Documents: Special Interest: Gardening In England:

Reduced Fruit Crops This Autumn
by Eoin Redahan
June 24, 2012

RHS warns that the wet and cold April and May may cut crop yields.

The Royal Horticultural Society (RHS) is recommending a number of ways that gardeners can use to counteract the potential poor fruit crops expected this year. Fruit growers visiting RHS Hampton Court Palace Flower Show (3-8 July), sponsored by Ecover, will be able to talk to the charity's advisors for free about best ways to keep yields up.

Although the warm start to the year initially raised hopes of a good harvest, frosts in April and cold rainy weather in May and June reduced pollination and led to losses of remaining fruitlets. This will mean poorer plum crops this summer and a dearth of apples and pears later.
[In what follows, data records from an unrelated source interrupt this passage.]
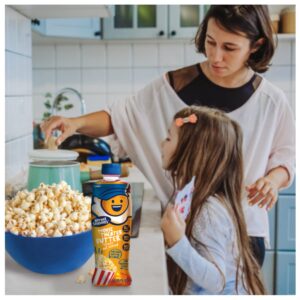 Kernel Season's Movie Theater Popcorn Oil, Butter, 13.75 Ounce, 2 Count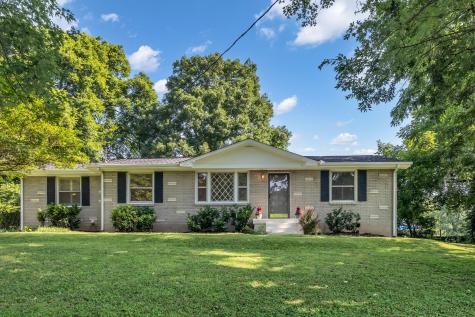 1907 Marsden Avenue Nashville TN 37216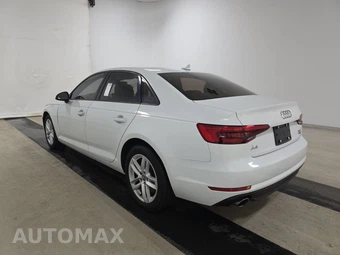2017 Audi A4 Sedan 2.0T Premium - miniatura 6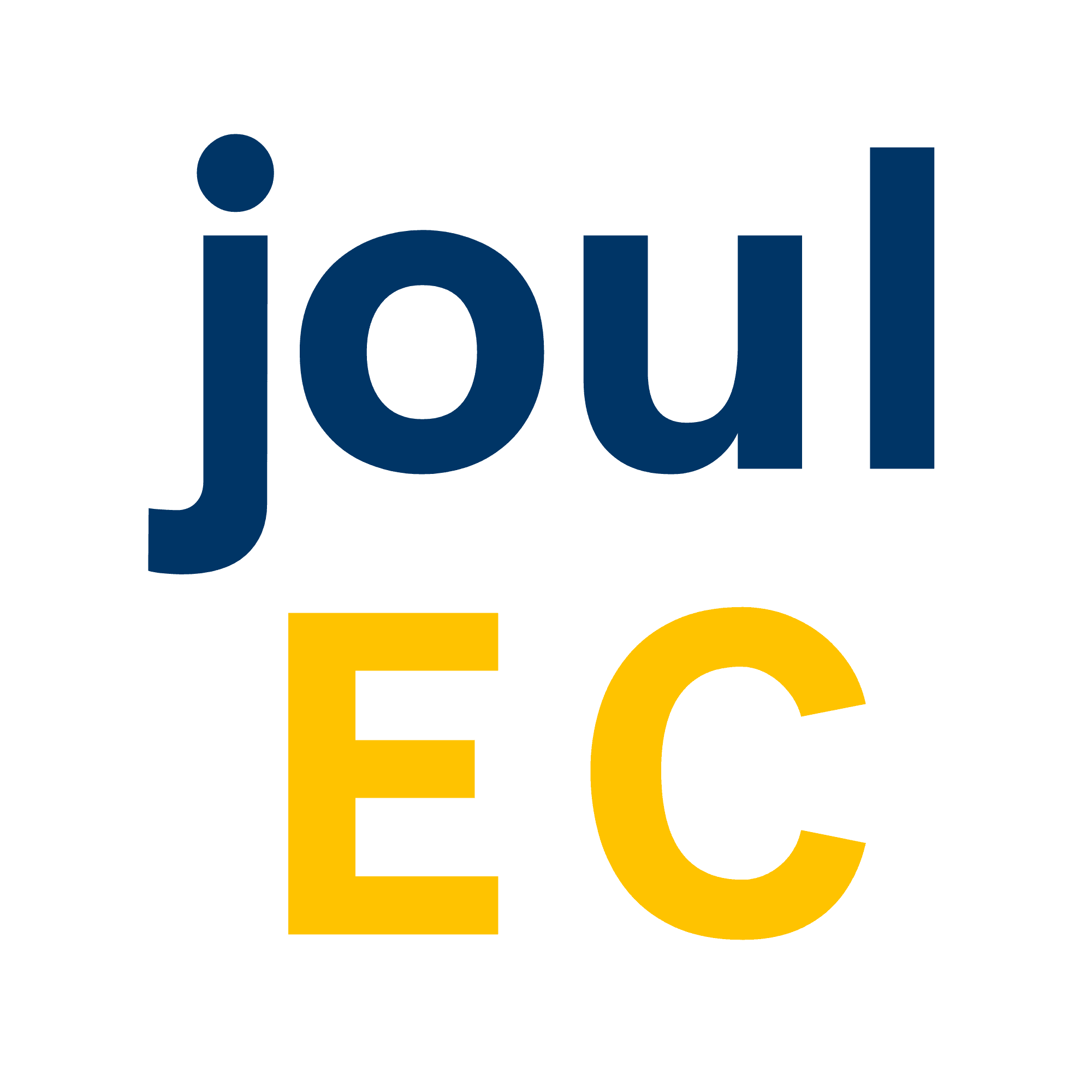 Joulec wordmark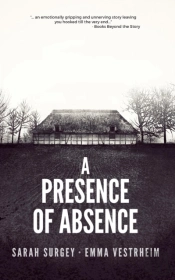 A Presence Of Absence (The Odense Series Book #1)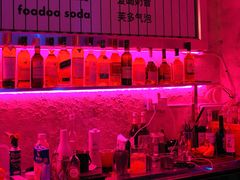 -foodoo芙多松饼店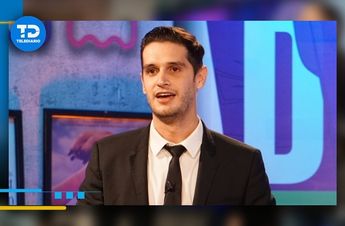 Adrián Marcelo fue el último invitado a la Casa de los Famosos México en su edición 2024 / Cortesía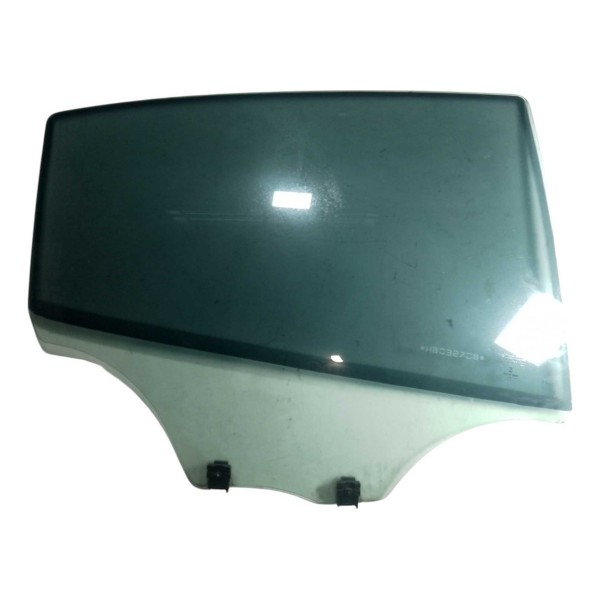 Vidro Porta Traseira Peugeot 208 2016 2020 Direito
The charity is suggesting that to preserve whatever crop is left it is even more important to keep down weeds around trees so that there is less competition for nutrients - especially important if there are dry spells.

Careful control of pests and diseases will also help. And there will be little need to thin out the remaining fruit.

The RHS is advising gardeners that it will be necessary to summer-prune restricted forms of fruit trees such as cordons and espaliers. With few fruits to support it is expected that trees will grow too many branches and leaves.

"Because trees have dropped quite a lot of their developing fruits, gardeners should be wary about thinning fruits - and in many cases not thin out at all this year," says Guy Barter, RHS Chief Horticultural Advisor. "This current warm, moist weather, in the absence of a heavy fruit crop, will also encourage lush growth so summer pruning will help direct nutrients to the fruit and promote productivity for 2013. Adding potassium (high potash) fertiliser to the weed-free area at the base of the tree can help harden growth and promote fruitfulness."

Any gardeners needing more advice about getting the maximum from their crops, or who have any other gardening problem, can talk to the charity's advisors for free at this year's RHS Hampton Court Palace Flower Show, sponsored by Ecover.